Ozone containers pique interest of Napa Valley winemakers with goal of mitigating smoke taint [Napa Valley Register]
When the smoke and fire came earlier than expected last year in 2020, there wasn’t much winemaker Rebekah Wineburg thought she could do about it. “From the first moment, I decided we were going to do a complete harvest, but I didn’t know what we could do about the smoke,” she said. One of Wineburg’s colleagues — Ken Bernards of Ancien Wines — had been trying out an ozone treatment container for his own grapes and, back in 2017, had treated his smoke-impacted harvest as an experiment. In partnering with Purfresh’s wine division, Quintessa leased its own container to treat its grapes through the specialized 24-hour ozonation process. This process is supposed to oxidize unwanted entities like bacteria, mold, E. coli, salmonella and viruses, and according to Purfresh CEO Christian DeBlasio, it may help mitigate the impacts of smoke taint as well. “In looking at the structures of different chemicals that we’ve mitigated before, we realized smoke taint molecules had a lot of similar properties,” said DeBlasio, “And by treating grapes before crushing them, you could remove a lot of the long term damage that smoke taint does in the end wine product down the road.”

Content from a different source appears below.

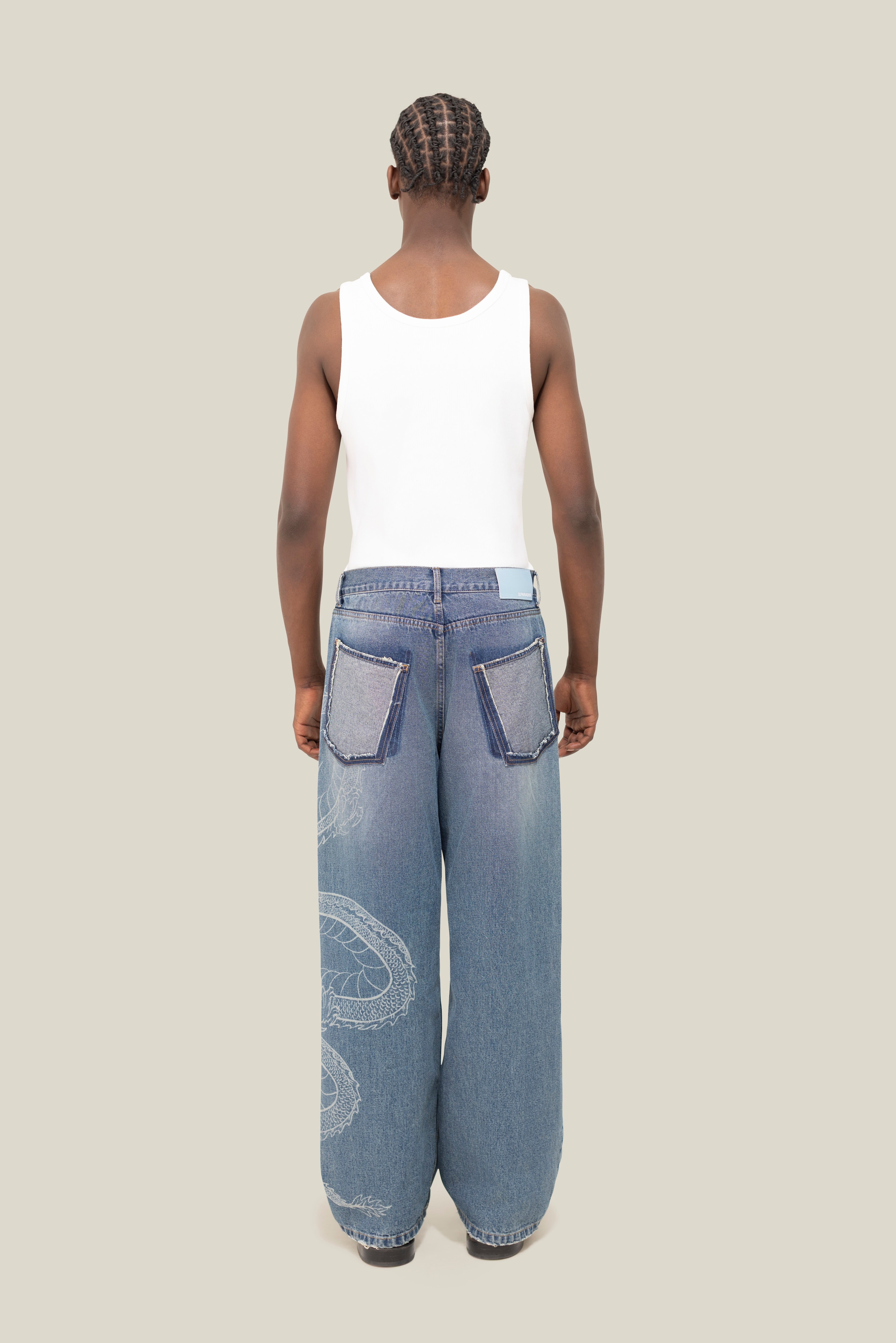 3.PARADIS x BRUCE LEE: Laser Print Jeans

More Klamath Basin wells go dry as groundwater decline persists [Klamath Falls Herald and News]
In July, the number of dry wells registered in Klamath County was at 84. A month later, that number has climbed to 185 as wells from the California state line all the way to Crescent and La Pine are getting low and going dry. For now, well users in Klamath County are encouraged to continue registering dry wells with the watermaster in order to receive water storage tanks and water deliveries from the state. Tulelake is operating under a similar procedure, and asks water users to report dry wells directly to the Tulelake Irrigation District. Klamath County is working with the Oregon Department of Human Services to provide 500 gallon water storage tanks to people with dry wells. County Commissioner Kelley Minty-Morris said approximately 75 tanks were delivered to people with dry wells as of July 30. Some needed the 500-gallon tanks to store water, but others were able to find their own. Regardless, everyone is struggling to fill them.